Incandescence brûle toujours.
Quatre ans après leur dernière collaboration, Philippe Boucher (guitare/batterie/basse, Beyond Creation, Chthe’ilist, ex-First Fragment) et Louis-Paul Gauvreau (chant, ex-The Unconscious Mind) nous offrent le cinquième album du groupe, Hors temps, via Profound Lore Records.
Le duo est accompagné sur scène par Maxime Legault (guitare, Aeternam, ex-Valfreya), Simon Gauvreau (basse, ex-The Unconscious Mind) et Mathieu Meunier (guitare).

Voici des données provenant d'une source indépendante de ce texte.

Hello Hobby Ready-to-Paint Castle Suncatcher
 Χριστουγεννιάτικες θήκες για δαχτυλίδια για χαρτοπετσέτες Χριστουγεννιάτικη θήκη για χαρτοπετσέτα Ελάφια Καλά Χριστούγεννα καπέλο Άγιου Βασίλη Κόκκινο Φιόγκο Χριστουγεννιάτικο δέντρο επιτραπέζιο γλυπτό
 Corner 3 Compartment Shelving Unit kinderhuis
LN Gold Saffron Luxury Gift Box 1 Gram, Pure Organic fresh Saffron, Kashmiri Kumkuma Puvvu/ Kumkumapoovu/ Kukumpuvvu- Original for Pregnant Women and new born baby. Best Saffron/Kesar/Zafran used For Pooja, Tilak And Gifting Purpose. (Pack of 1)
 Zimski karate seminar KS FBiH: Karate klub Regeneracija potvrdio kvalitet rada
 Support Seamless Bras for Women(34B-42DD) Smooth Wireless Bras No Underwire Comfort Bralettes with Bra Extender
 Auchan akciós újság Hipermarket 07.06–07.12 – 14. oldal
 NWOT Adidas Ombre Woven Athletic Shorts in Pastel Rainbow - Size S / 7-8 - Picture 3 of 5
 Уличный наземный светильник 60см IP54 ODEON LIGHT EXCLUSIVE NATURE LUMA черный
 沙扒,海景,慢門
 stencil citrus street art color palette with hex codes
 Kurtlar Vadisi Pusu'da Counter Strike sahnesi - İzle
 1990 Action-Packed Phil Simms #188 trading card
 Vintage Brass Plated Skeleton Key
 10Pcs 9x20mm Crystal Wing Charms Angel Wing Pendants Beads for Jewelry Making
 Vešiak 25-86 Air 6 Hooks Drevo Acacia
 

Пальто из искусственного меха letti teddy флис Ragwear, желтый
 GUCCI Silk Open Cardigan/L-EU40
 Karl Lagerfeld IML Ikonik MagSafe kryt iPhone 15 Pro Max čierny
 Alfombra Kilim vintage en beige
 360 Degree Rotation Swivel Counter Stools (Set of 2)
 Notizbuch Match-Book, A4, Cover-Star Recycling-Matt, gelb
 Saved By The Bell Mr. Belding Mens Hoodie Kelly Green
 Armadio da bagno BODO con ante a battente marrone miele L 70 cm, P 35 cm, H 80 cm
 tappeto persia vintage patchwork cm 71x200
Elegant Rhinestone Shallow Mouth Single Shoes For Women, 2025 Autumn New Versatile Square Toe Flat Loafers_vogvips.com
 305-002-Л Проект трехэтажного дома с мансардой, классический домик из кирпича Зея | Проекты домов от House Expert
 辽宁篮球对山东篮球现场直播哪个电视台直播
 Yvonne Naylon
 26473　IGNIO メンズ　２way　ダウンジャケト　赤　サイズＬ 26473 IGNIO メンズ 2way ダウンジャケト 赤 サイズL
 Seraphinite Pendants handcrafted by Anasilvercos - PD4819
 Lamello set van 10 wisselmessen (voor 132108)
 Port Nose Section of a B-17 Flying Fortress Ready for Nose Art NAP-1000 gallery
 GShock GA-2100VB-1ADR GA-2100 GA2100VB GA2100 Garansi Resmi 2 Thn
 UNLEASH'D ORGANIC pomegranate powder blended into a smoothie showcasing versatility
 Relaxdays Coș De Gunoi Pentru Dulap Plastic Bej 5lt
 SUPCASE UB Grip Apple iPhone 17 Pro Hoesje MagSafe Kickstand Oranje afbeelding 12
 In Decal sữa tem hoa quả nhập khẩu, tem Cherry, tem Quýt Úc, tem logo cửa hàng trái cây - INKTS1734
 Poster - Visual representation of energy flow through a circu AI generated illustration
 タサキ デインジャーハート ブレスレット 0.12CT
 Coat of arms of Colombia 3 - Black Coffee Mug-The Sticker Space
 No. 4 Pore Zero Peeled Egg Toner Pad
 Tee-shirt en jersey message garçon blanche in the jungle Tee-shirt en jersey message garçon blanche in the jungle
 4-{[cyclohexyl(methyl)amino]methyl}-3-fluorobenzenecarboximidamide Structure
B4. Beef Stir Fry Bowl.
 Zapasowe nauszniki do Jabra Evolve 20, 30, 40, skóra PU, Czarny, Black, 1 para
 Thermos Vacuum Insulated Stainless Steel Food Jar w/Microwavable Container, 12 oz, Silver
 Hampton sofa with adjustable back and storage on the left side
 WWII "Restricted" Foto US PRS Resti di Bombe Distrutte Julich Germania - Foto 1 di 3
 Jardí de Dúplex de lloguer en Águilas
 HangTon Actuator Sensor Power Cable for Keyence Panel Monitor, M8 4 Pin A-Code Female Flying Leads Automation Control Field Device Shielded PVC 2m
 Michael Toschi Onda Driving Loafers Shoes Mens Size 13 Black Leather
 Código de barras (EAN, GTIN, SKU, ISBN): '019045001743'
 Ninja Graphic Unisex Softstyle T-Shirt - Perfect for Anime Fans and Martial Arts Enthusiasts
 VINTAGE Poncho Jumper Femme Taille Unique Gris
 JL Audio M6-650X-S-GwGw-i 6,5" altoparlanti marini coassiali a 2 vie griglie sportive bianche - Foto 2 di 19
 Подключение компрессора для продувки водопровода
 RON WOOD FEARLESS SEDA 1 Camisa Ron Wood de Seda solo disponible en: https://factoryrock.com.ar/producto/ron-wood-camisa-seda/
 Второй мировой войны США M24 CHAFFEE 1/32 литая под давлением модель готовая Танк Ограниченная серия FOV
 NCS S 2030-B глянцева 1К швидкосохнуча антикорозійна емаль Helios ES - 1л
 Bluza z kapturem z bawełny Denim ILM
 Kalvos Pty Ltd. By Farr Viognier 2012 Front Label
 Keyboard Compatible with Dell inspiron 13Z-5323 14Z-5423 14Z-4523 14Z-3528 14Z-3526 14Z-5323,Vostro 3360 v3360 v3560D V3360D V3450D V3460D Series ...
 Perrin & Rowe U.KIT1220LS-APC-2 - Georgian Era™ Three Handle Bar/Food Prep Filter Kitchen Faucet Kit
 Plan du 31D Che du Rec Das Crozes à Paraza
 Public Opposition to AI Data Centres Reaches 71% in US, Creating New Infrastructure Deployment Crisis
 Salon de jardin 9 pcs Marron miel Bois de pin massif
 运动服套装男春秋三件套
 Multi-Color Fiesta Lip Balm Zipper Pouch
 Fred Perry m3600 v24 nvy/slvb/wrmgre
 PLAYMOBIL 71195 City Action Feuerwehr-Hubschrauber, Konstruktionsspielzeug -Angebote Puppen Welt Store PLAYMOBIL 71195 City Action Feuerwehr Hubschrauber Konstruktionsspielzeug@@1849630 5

L’album s’ouvre sur Affranchissement, première composition d’abord assez mystérieuse mais qui change rapidement d’atmosphère pour développer des tonalités Old School glaciales et enivrantes avant d’accueillir les hurlements expressifs de Louis-Paul, ajoutant une touche humaine à cette première vague de son torturé. On notera un passage plus lent mais tout aussi prenant grâce aux parties vocales, puis c’est avec L’Enfer existe que le duo s’embrase, intensifiant de manière naturelle ses riffs en lui donnant un rythme saccadé accrocheur, mais également des passages transcendants. Le son finit par s’éteindre peu à peu, puis Confluence reprend le flambeau et dévoile une approche assez différente, plus contrastée entre les moments épiques et des éléments plus dépouillés qui lui donnent un aspect plus brut et dissonant. Le final déferle littéralement à nos oreilles pour rejoindre Le Vide qui continue dans cette direction dévastatrice qui joue à nouveau sur les deux extrêmes, plaçant même quelques influences Doom pesantes lors des passages lents, mais Sécheresse va prendre le relai pour nous ensevelir à son tour sous ses épaisses couches de noirceur, nous laissant tout de même quelques fois respirer. Les hurlements hantent les vagues ténébreuses qui nous lacèrent l’esprit, mais qui prennent somme toute assez vite fin, laissant à Marasme la primeur de développer des tonalités bien plus lumineuses mais toutes aussi furieuses qui nous replongent dans cette tornade virulente. Le titre présente une touche plus complexe dans les harmoniques dissonantes, mais aussi des cris plus macabres avant de s’aventurer dans la mélancolie au niveau des leads, puis sur ce final oppressant qui fera place à Inexorable détérioration, qui démarre sur les chapeaux de roues. Si on remarque un rythme relativement soutenu, on se laisse également happer par la détresse du vocaliste, plus expressif que jamais, qui nous entraîne dans sa chute et par conséquent les derniers riffs qui s’effacent au profit des claviers majestueux.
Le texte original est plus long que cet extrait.